Returning to the screen in her first big role since winning an Oscar for Les Miserables, Anne Hathaway stars opposite Matthew McConaughey in the epic space adventure Interstellar, opening in theaters and IMAX November 7. For the actress, who has fond memories of a spaceship project her seventh grade class worked on, getting to play an astronaut was fun. “It was the closest I’ve ever gotten to feeling like a kid—it stretched Halloween out for several months, and I loved that feeling,” she says, even though the 40-pound spacesuit was heavy and working in Iceland (doubling for a far-off planet) was physically taxing. “We were all cold and exhausted. I just wanted to go home and get warm!”

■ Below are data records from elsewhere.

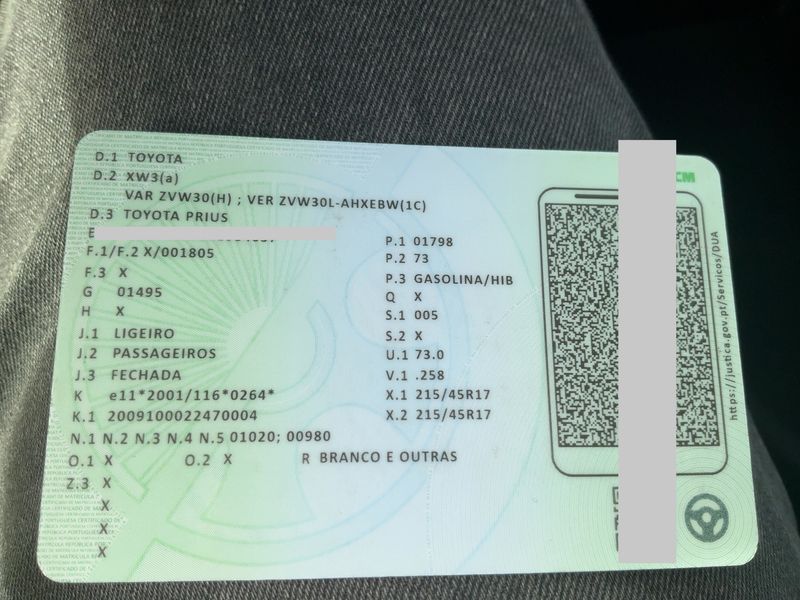 Toyota Prius 1.8 Executive 2012 – снимка 21
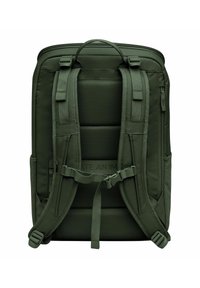 Sac à dos vert olive avec des bretelles rembourrées, un panneau arrière en mesh, une fermeture éclair, des poches latérales et des boucles ajustables pour un confort accru.
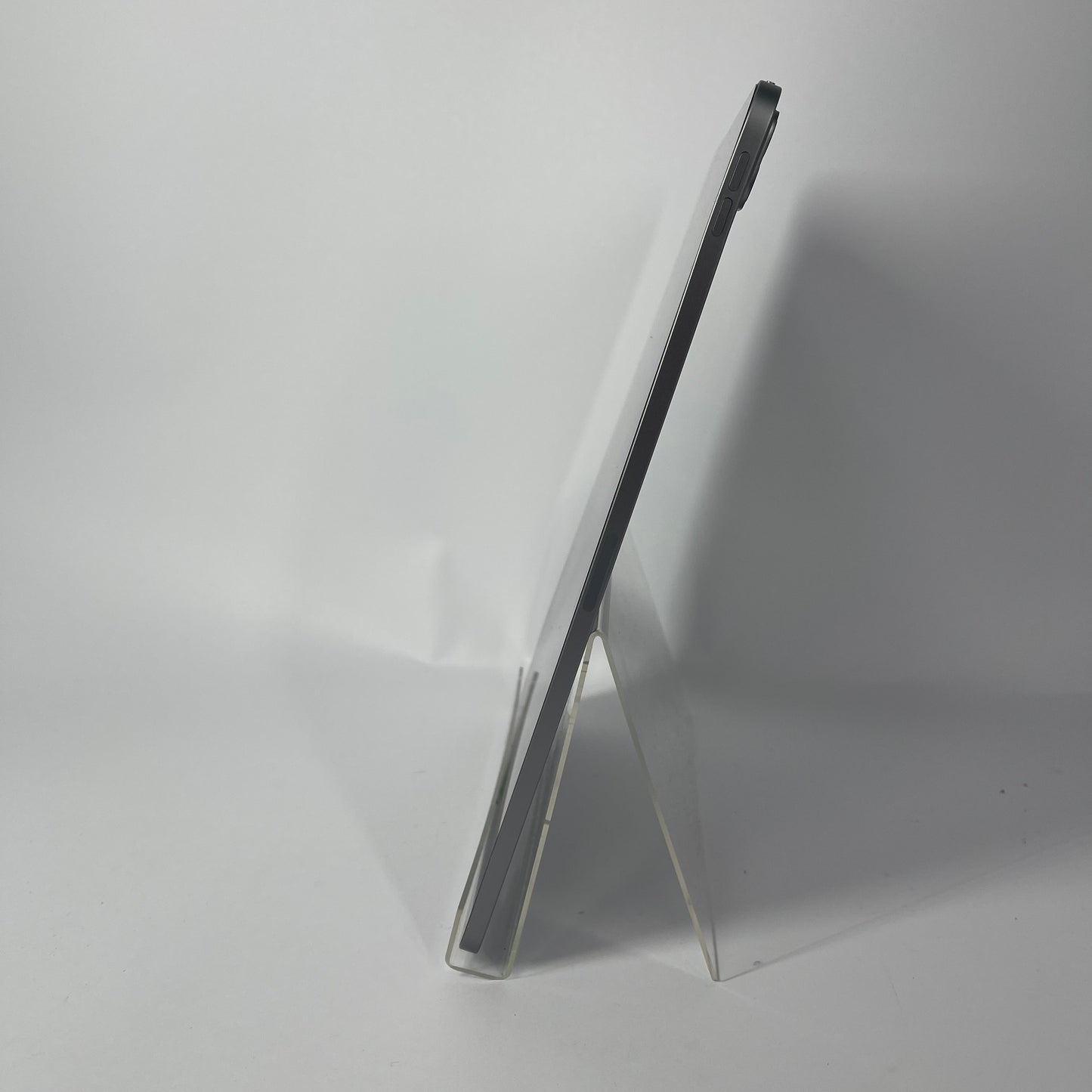 WiFi Only Apple iPad Pro 12.9" 6th Gen 256GB Silver MNXR3LL/A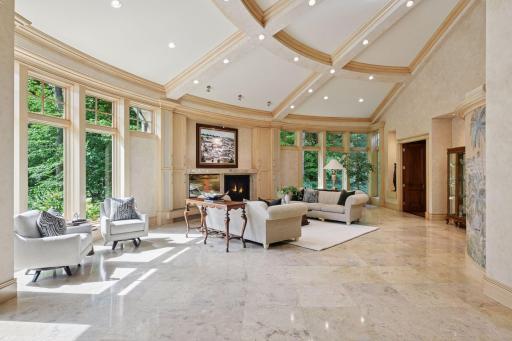 10' ceilings with dramatic vault.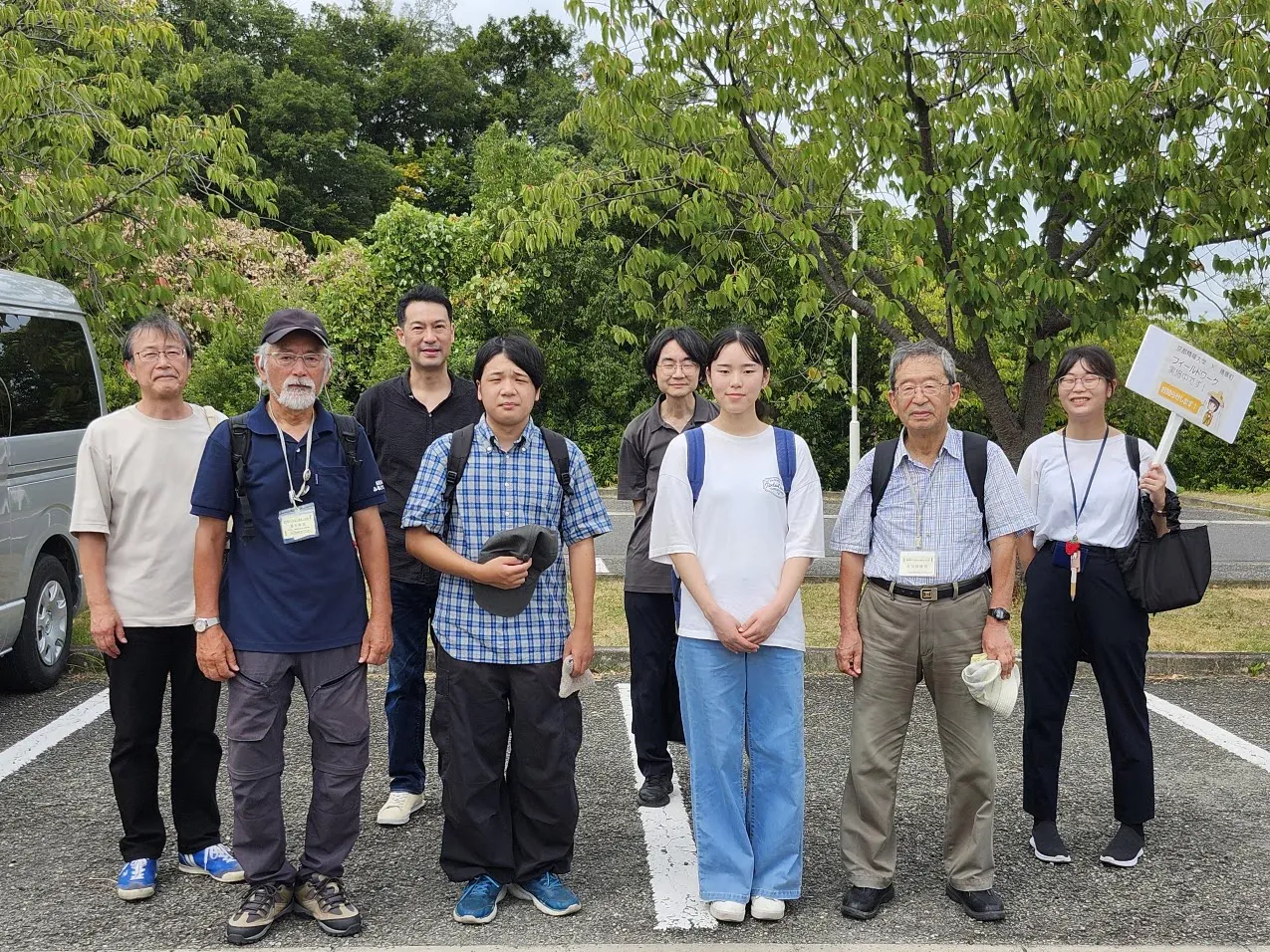 精華町内のフィールドワークで学生と関係者が集まった様子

Hathaway was raised Roman Catholic and even considered becoming a nun in her childhood, but changed her opinion of the Church because of its policies on homosexuality—her older brother is gay. Nevertheless, her wedding to Jewish actor Adam Shulman in September 2012 was interfaith, incorporating Jewish and Catholic traditions.
In his latest movie Nightcrawler, opening October 31, Jake Gyllenhaal takes a dark turn, playing an unscrupulous, predatory news videographer who prowls the streets of Los Angeles in search of grisly scenes to film, even manipulating them for maximum impact. It’s a chilling, riveting performance and the first of several vastly different characters he’ll play in upcoming projects. In 2015, he’ll portray a mountain climber in Everest and a boxer in Southpaw, and will make his Broadway debut in the play Constellations, a romantic drama opening January 13. He plays a beekeeper and Ruth Wilson (The Affair) is his physicist love interest.
The son of Jewish screenwriter Naomi Foner and director Stephen Gyllenhaal, who is of Swedish-Christian ancestry, Gyllenhaal identifies as Jewish. “I see myself as a Jew since my mother is a Russian-Jewish New Yorker,” he says. He had an unusual bar mitzvah. “On my 13th birthday, they thought it was important for me to experience a rite of passage, an entrance into manhood, and the consensus was that we would do something for the good of the community, some charitable work—a bar mitzvah-like act, without the typical trappings. So we went to a homeless shelter and we did some work there and then I had the celebration there.”
Actors Sacha Baron Cohen and Isla Fisher, parents of daughters Olive, 7, and Elula, 4, are expecting their third child early next spring. Fisher (Wedding Crashers), who was raised Christian, met the Jewish comic (Borat) in 2002 at a party in Sydney, Australia, and converted to Judaism in 2007, three years before they married. The couple is also collaborating on the spy comedy Grimsby, due in July.
Daniel Radcliffe’s escape from his Harry Potter persona seems to be complete, as his latest role is his darkest yet. Just in time for Halloween, he stars in the supernatural thriller Horns, in which he grows a pair of the titular appendages that come with the power to force people to confess their sins, and he hopes to use them to find his girlfriend’s killer and clear himself as a suspect.
Protestant on his father’s side and Jewish on his mother’s, he categorized his family as “Christmas tree Jews” and has said he is an atheist but is “very proud” of his Jewish heritage.